Records from a data source
━━━━━━━━━━
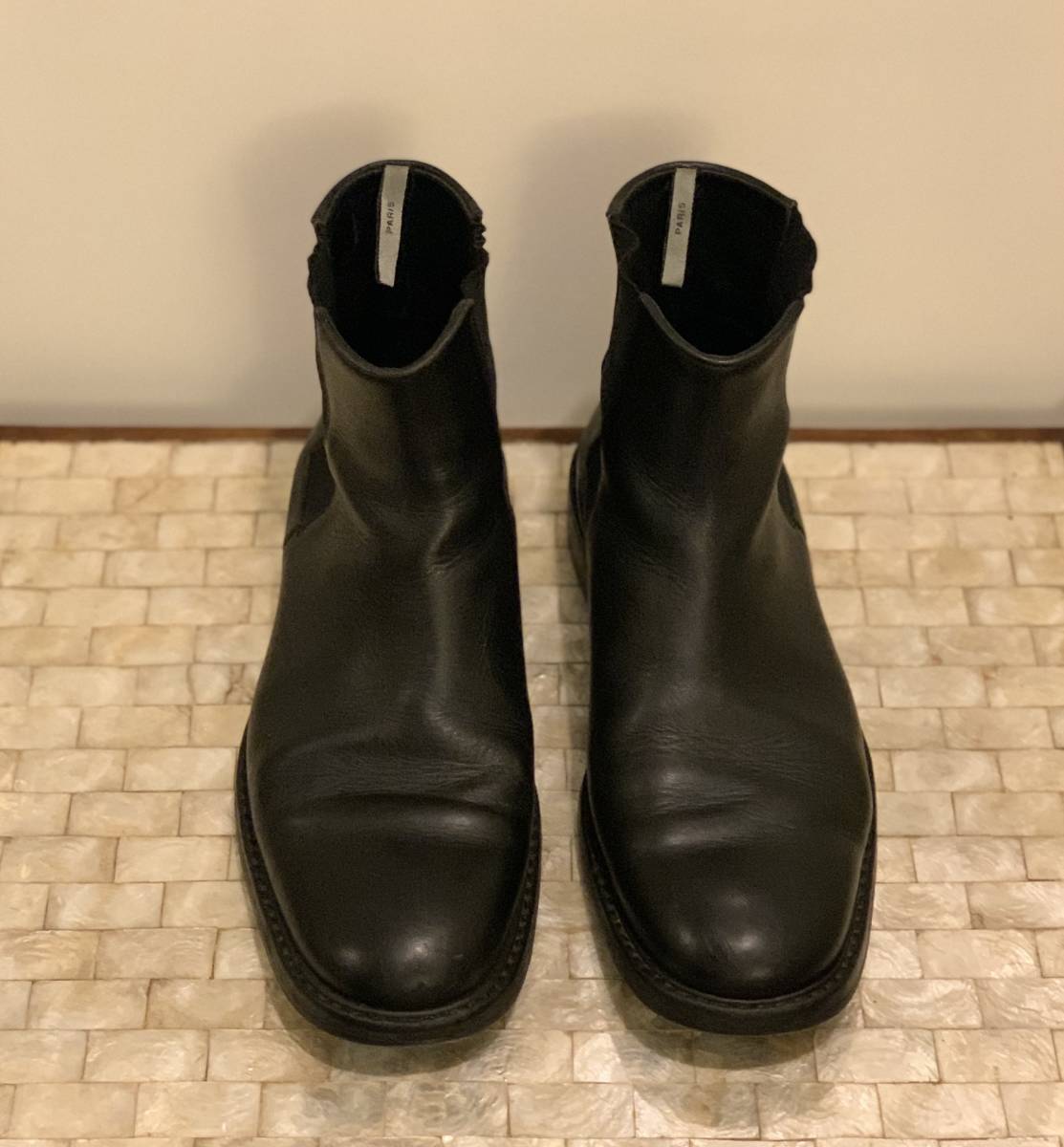 (エディ.スリマン期 ）DIOR HOMME サイドゴア BOOT size 7 Black x Black vibram ソール鋲打 NUMBER NINE NIGO JONIO YOJI JILSANDER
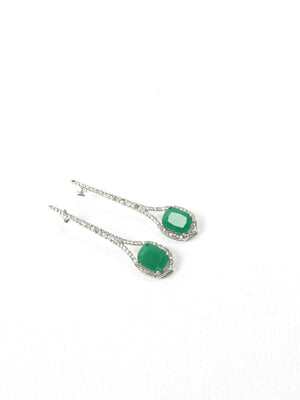 Vintage Style Green & Diamanté  Earrings - The Harlequin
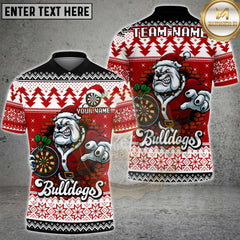 Maxcorners Christmas Bulldog Dart Multicolor Customized Name, Team Name 3D Shirt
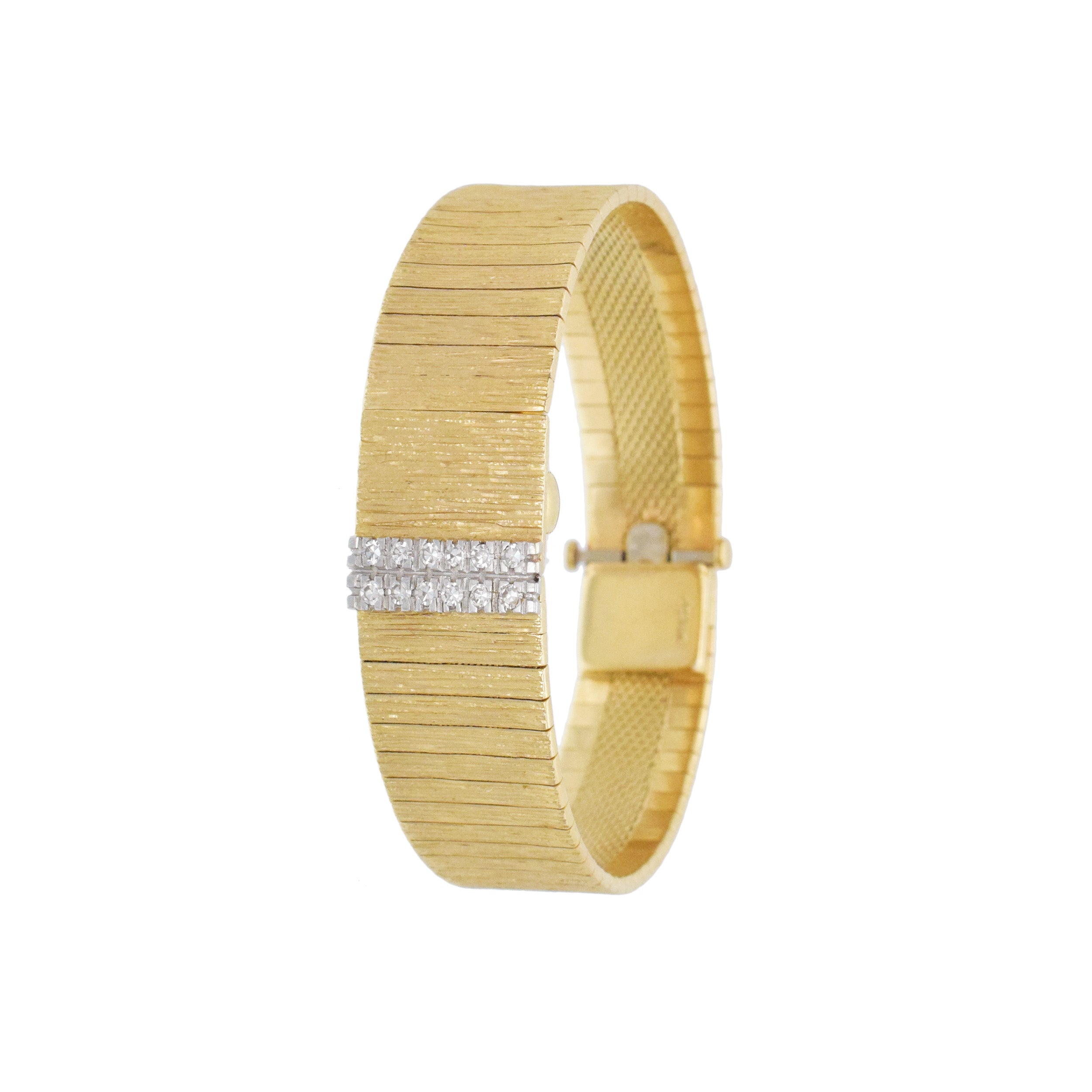 Baume & Mercier Vintage 14k Yellow Gold Peekaboo Wrist Watch With Diamonds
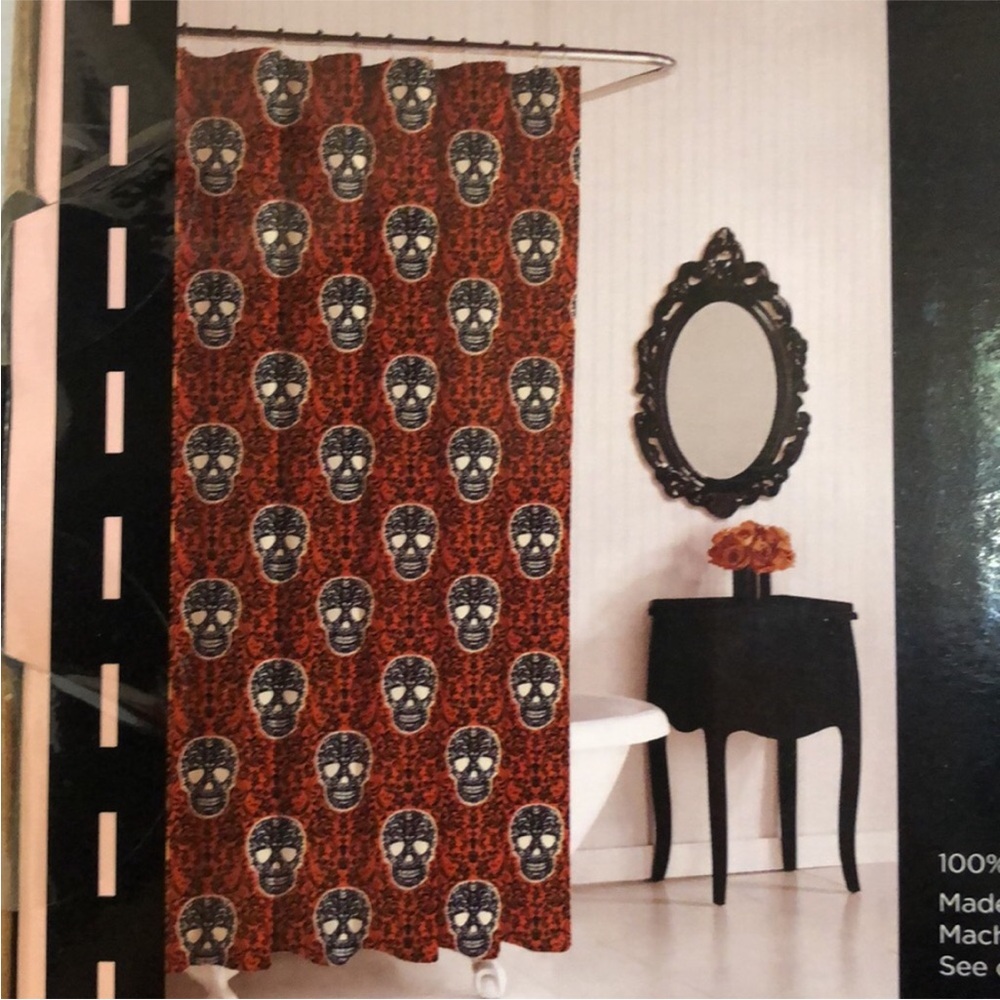 Betsey Johnson Red and Black Skull Shower Curtain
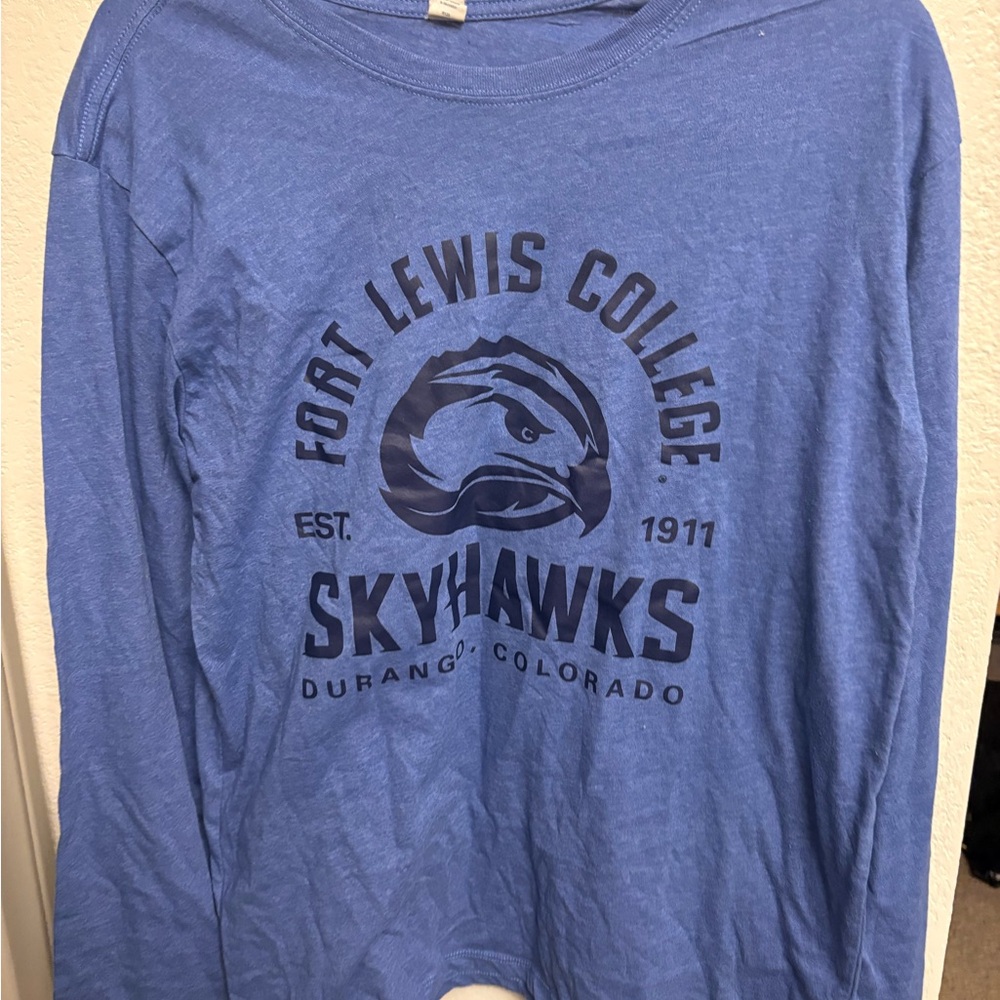 Fort Lewis College Skyhawks Blue Long Sleeve Shirt
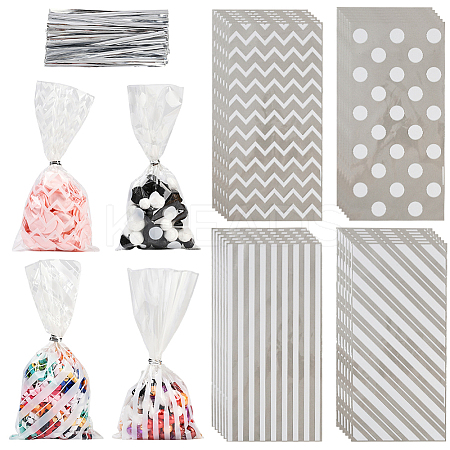 100Pcs 4 Styles Rectangle Plastic Candy Bags ABAG-WH20013-19C-1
━━━━━━━━━━
* _The problem_: The answer must be an exact copy of every record above, minus the pictures.

* _Expected output_:
 (エディ.スリマン期 ）DIOR HOMME サイドゴア BOOT size 7 Black x Black vibram ソール鋲打 NUMBER NINE NIGO JONIO YOJI JILSANDER
 Vintage Style Green & Diamanté  Earrings - The Harlequin
 Maxcorners Christmas Bulldog Dart Multicolor Customized Name, Team Name 3D Shirt
 Baume & Mercier Vintage 14k Yellow Gold Peekaboo Wrist Watch With Diamonds
 Betsey Johnson Red and Black Skull Shower Curtain
 Fort Lewis College Skyhawks Blue Long Sleeve Shirt
 100Pcs 4 Styles Rectangle Plastic Candy Bags ABAG-WH20013-19C-1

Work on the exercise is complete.